SSE / HTTP — Web-based servers

Connect to a URL. SSE uses Server-Sent Events for streaming responses. HTTP uses standard request/response. Headers and auth tokens attached per config.

WebSocket — Full-duplex

Connect via ws:// or wss://. Best for servers that push updates. Reconnection logic handles dropped connections.

SDK (in-process) — Zero overhead

Direct function calls within the same process. Used for built-in MCP integrations. No serialization overhead.

Auth Does the server require authentication?

Yes — OAuth / Token flow

services/mcp/auth.ts (88KB) handles: token retrieval from credential store, OAuth authorization code flow (opens browser), token refresh, IDP (Identity Provider) login via xaaIdpLogin.ts, credential persistence. Each server has its own auth context.

No — Connect directly

Connect Initialize MCP client & negotiate capabilities

MCPConnectionManager.tsx

Handshake: client sends capabilities, server responds with its capabilities.

The MCP handshake establishes: protocol version, supported features (tools, resources, prompts, elicitation), server name and version. If capability negotiation fails, the connection is rejected gracefully.

Discover Fetch tools, resources, and prompts

tools/list, resources/list, prompts/list

Query the server for all available capabilities. Convert to Claude Code tool format.

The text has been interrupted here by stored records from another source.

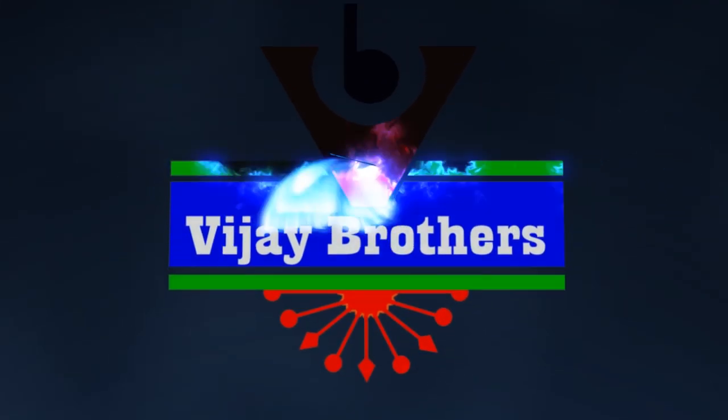Hi viewers. Welcome to Vijay Brothers. Today, we are going to take a look at Vijay Brothers.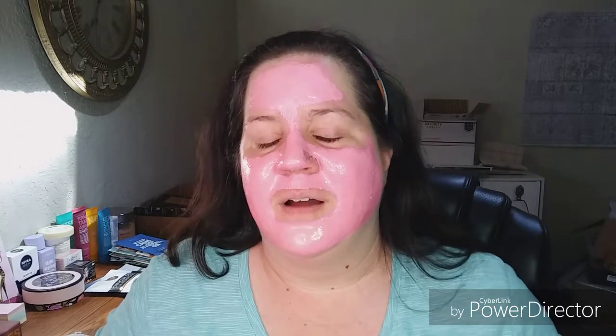I can feel it starting to dry. It does pull a little bit. It said 20 to 25 minutes, so I'm going to go watch my show and I will be back. Okay, so I did the 25 minutes. It's semi-flexible as I'm starting to talk. It is peeling — you can see that right there.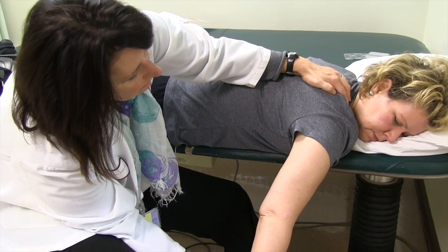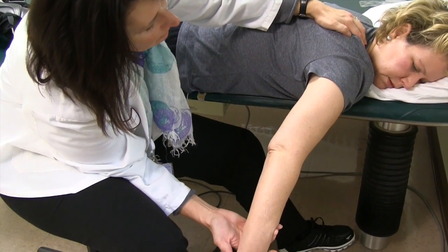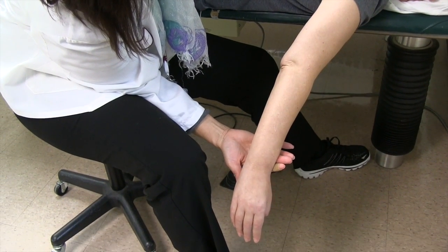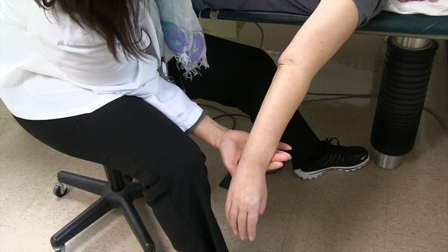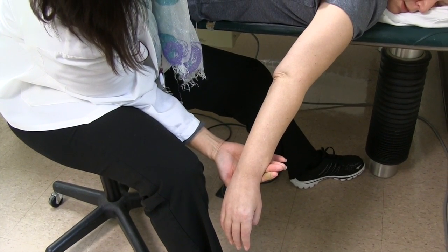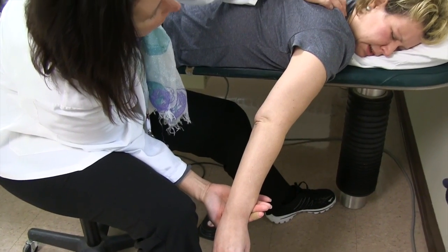Keep reaching — reach, reach, reach, reach. Shoulders okay? Pain at all? No. Stretch in the front? Stretch in the whole front of my arm, from my elbow down to my pinky. But not a painful stretch.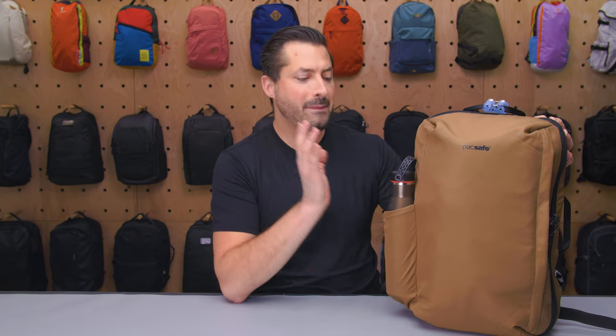It's Tom from Pack Hacker, and in this video we are taking a detailed look at the PackSafe MetroSafe Commuter Backpack that I've been testing over the last two weeks. If you like this video, give it a thumbs up and subscribe to our channel so we can keep bringing you more videos just like this one. Let's jump in.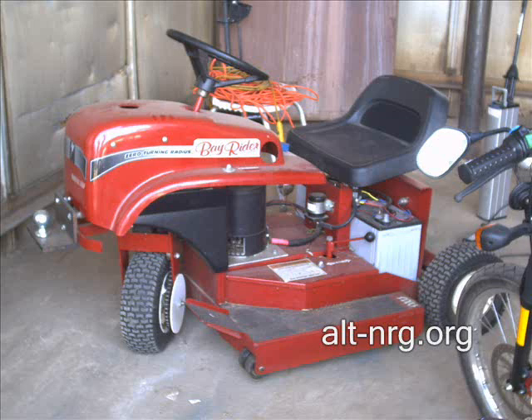Here's the electric riding mower that Larry Jarbo created for himself, that he talks about in one of my earlier videos.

tools/list → Get tool definitions (name, description, input schema). Converted to Tool objects with mcp__serverName__toolName naming convention.
resources/list → Available resources (files, data). Accessible via ReadMcpResourceTool.
prompts/list → Prompt templates the server provides.

Register Add MCP tools to available tool set

MCP tools appear alongside built-in tools. Claude can call them like any other tool.

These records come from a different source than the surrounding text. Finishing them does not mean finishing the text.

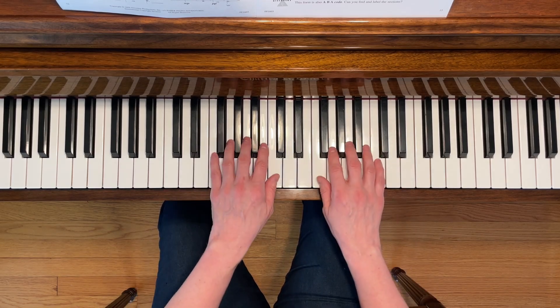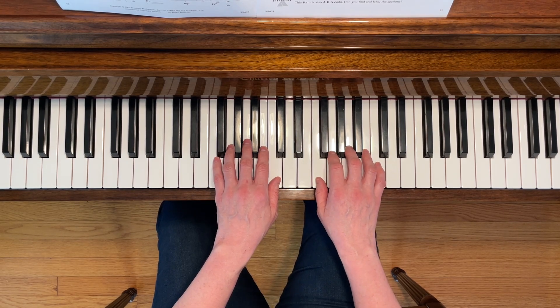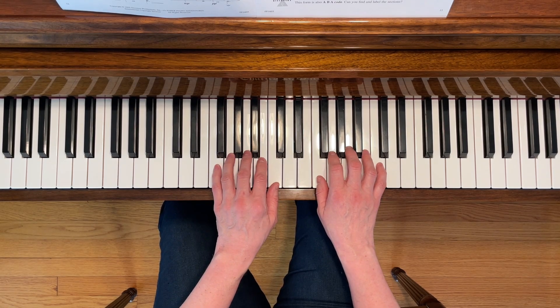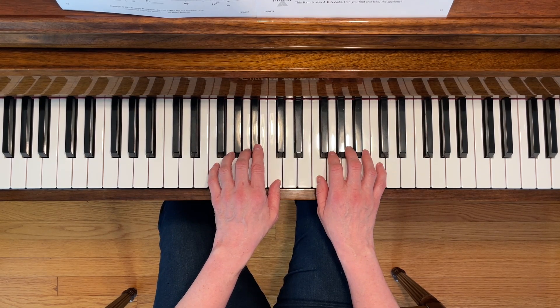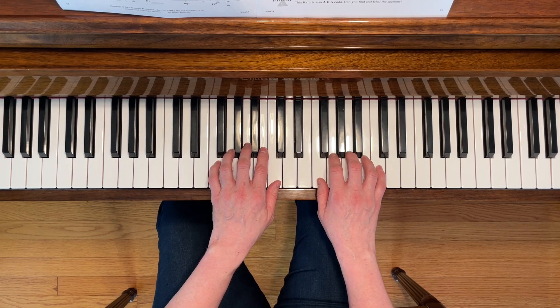This is Dreamy Sky Blue. To play this piece, place your left fifth finger on F and your right first finger on F. You're going to be using the pedal during this piece. Also watch out for the B flat in your left hand and make sure you observe the DC al Coda. Here we go.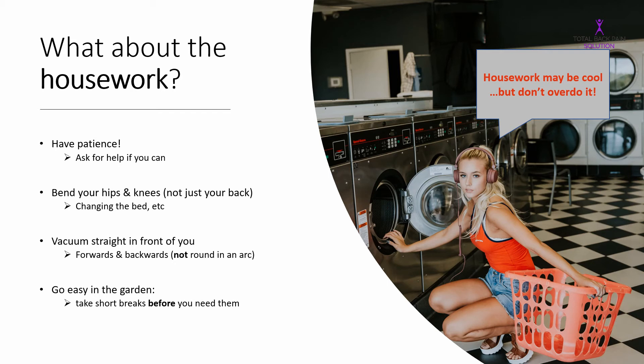Have a cup of tea, sit down, or walk around a little bit - just change positions. You'll probably find you can go back and do another 30 minutes. If you keep doing it that way, you'll find you can get a lot more done with a lot less pain.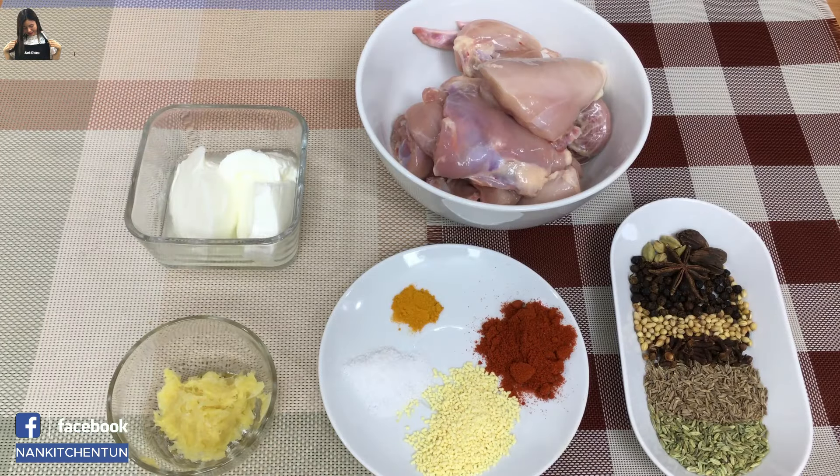Hi everyone, welcome to Nan Kitchen. Today I want to show you how to cook chicken nihari.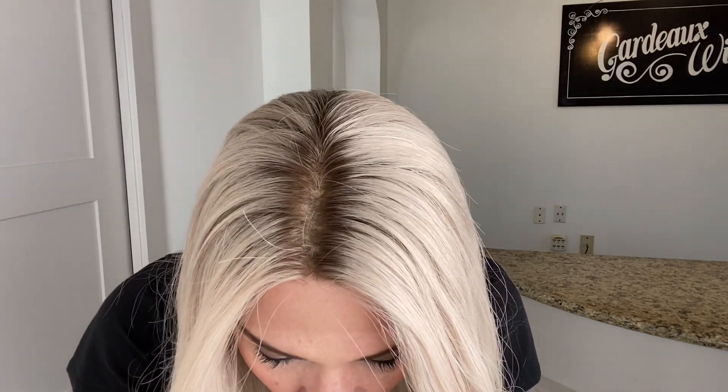Hey everybody, it's Rachel here with Gardo Wigs. Right now I have on a Gardo Deluxe lace top with the lace front. This is a medium cap. This is a cool tone blonde, no lowlights in this, with a short ash root and bleached knots.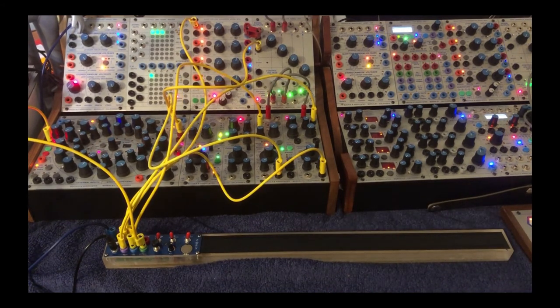Hopefully this gets you in touch with the basics of this amazing Zorks controller. Thanks for watching.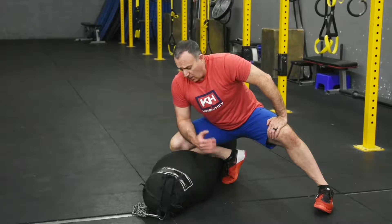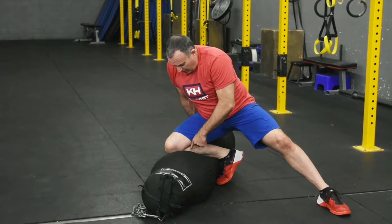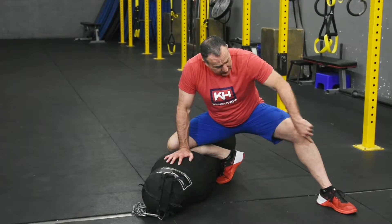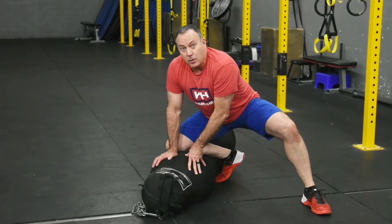This is a downward hammer fist with knee on the belly. We're going to lay our heavy bag down, we have our knee on the heavy bag, we're up on our other foot, our foot is out at this angle. We're not here, we're not here — we're here, so we have good balance.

MCP tools are dynamically registered into the tool registry. They get permission rules just like built-in tools (you can allow/deny mcp__github__create_issue). When Claude calls an MCP tool, the MCPTool proxy forwards the call to the appropriate server.

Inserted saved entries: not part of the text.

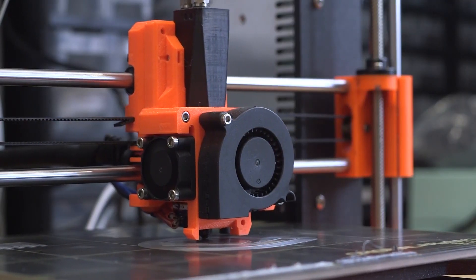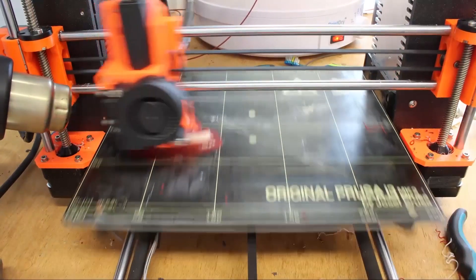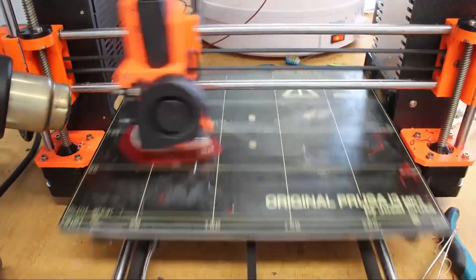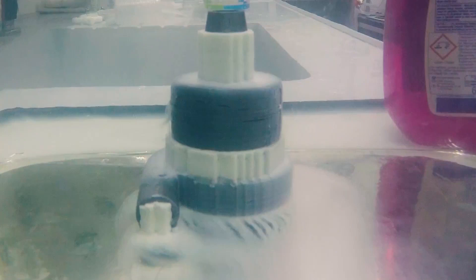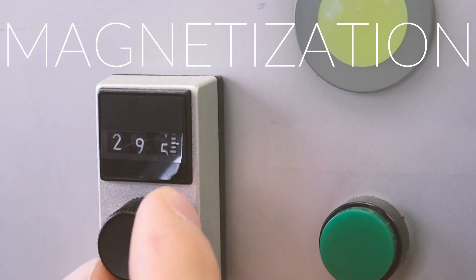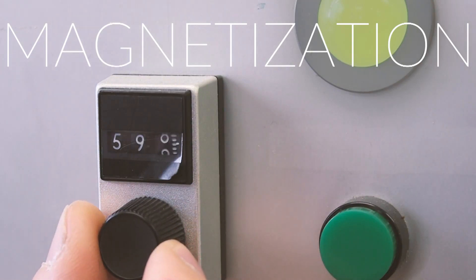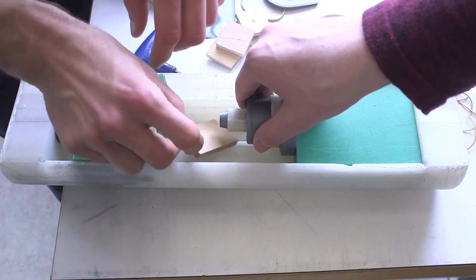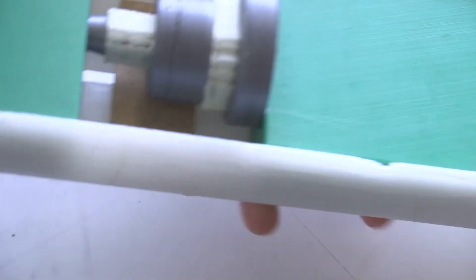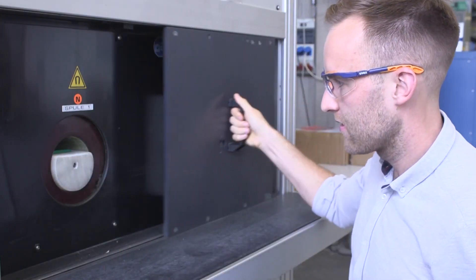The printing process is done on a conventional FDM printer with multiple extruders. We slice the model, and then in each layer the printer changes the filaments to print different materials in different areas. To support overhangs or to fill gaps, we use a water-soluble material that will be removed after the print. The final step is to magnetize the part in a strong magnetic field. This is necessary because the powder that we use is isotropic, meaning that there is no overall magnetic polarization to it.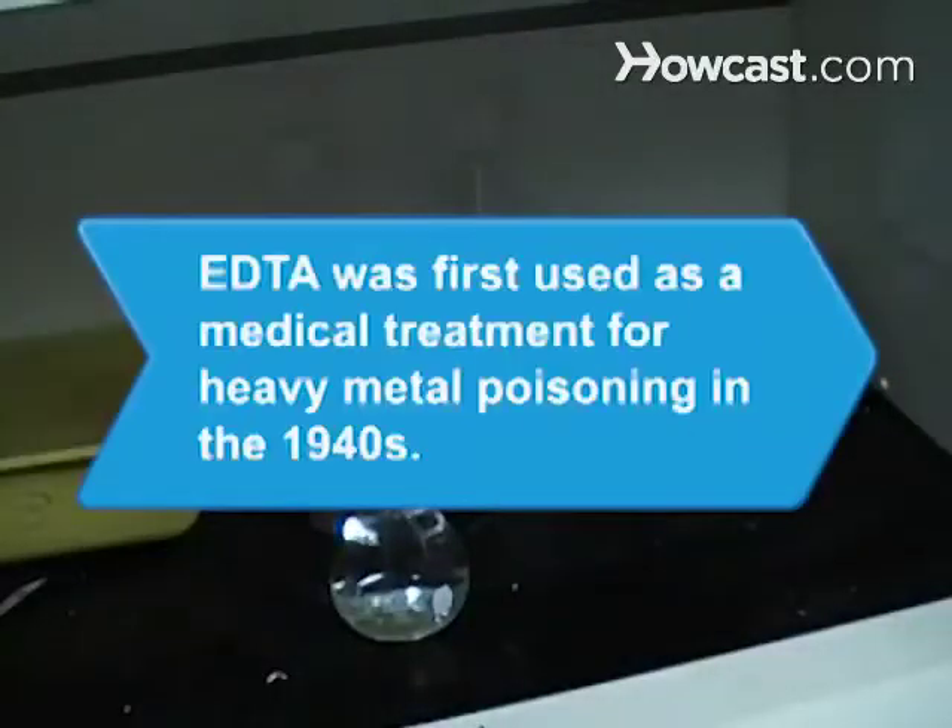Did you know? EDTA was first used as a medical treatment for heavy metal poisoning in the 1940s and is still FDA approved for that purpose.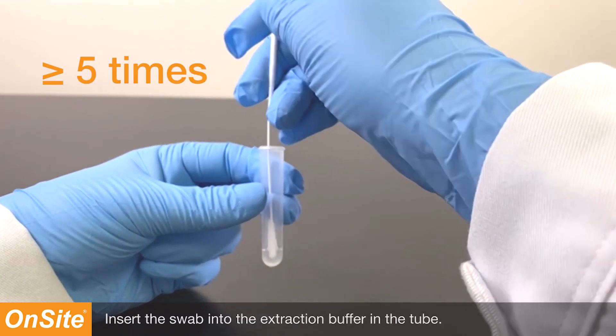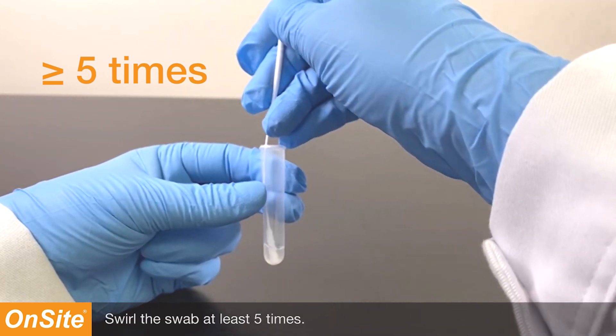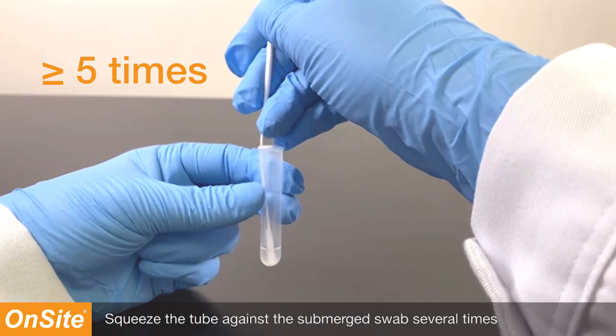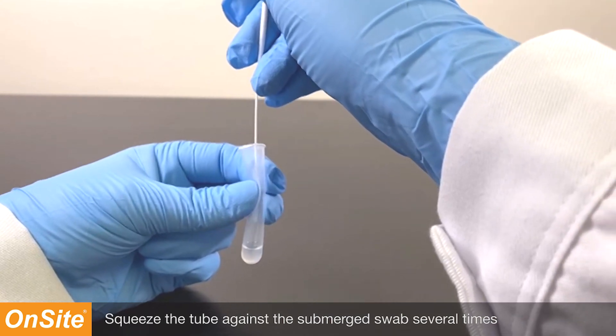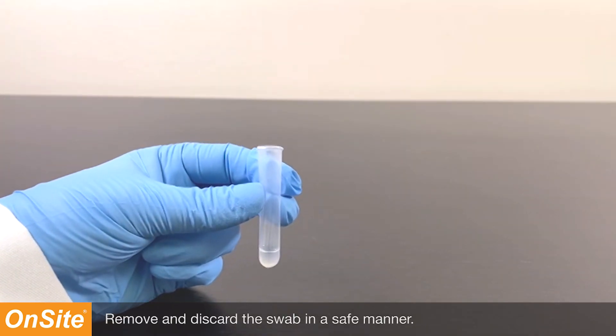Insert the swab into the extraction buffer in the tube. Swirl the swab at least five times. Squeeze the tube against the submerged swab several times to facilitate extraction of the specimen. Remove and discard the swab in a safe manner.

🔌 Hook Lifecycle & Execution

Hooks fire at specific moments in the execution lifecycle. They enable custom behavior without modifying core code. Here's exactly when each hook type fires.

Session Start

Session hooks fire when the interactive session begins. Use for: environment setup, git branch checks, starting background services, logging session start.

Pre-sampling

Pre-sampling hooks fire before each API call. The hook receives the messages array and can modify it. Use for: injecting dynamic context, enforcing guardrails, adding system instructions, logging prompts. Can block the API call.

API Call

No hooks here — the API call is atomic. Streaming begins and content blocks arrive.

Post-sampling

Post-sampling hooks fire after Claude's full response is received (fire-and-forget, non-blocking). Use for: analytics, response logging, output filtering, triggering notifications.

Pre-tool-use

Permission hooks fire before each tool executes (part of permission check, Layer 5). Hook receives: tool name, input, context. Can ALLOW or DENY the tool call. Use for: custom permission logic, audit logging, input sanitization.

Tool Executes

The tool runs. Progress messages stream to UI.

Post-tool-use

Post-tool hooks fire after each tool completes. Hook receives: tool name, input, result, duration. Use for: Slack notifications, CI triggers, audit logs, tool result caching, file change notifications.

Stop Hooks

Stop hooks fire when Claude's turn ends (no more tool calls). Use for: auto-formatting, running linters, test execution, generating summaries, memory extraction. Can PREVENT continuation (block the next query iteration).

File Change

File change hooks fire when files are modified on disk (by tools or externally). Use for: auto-formatting on save, linting, test re-runs, live reload triggers.

Session End

Session hooks fire on session end. Use for: cleanup, saving state, final analytics flush, stopping background services.

💡 Hook Execution Model

Hooks can be shell commands (run in a subprocess) or HTTP webhooks (POST to a URL). Shell hooks receive context via environment variables and stdin. HTTP hooks receive a JSON payload. Both can return structured responses that influence the system's behavior. Hooks are configured in settings.json and managed via /hooks command.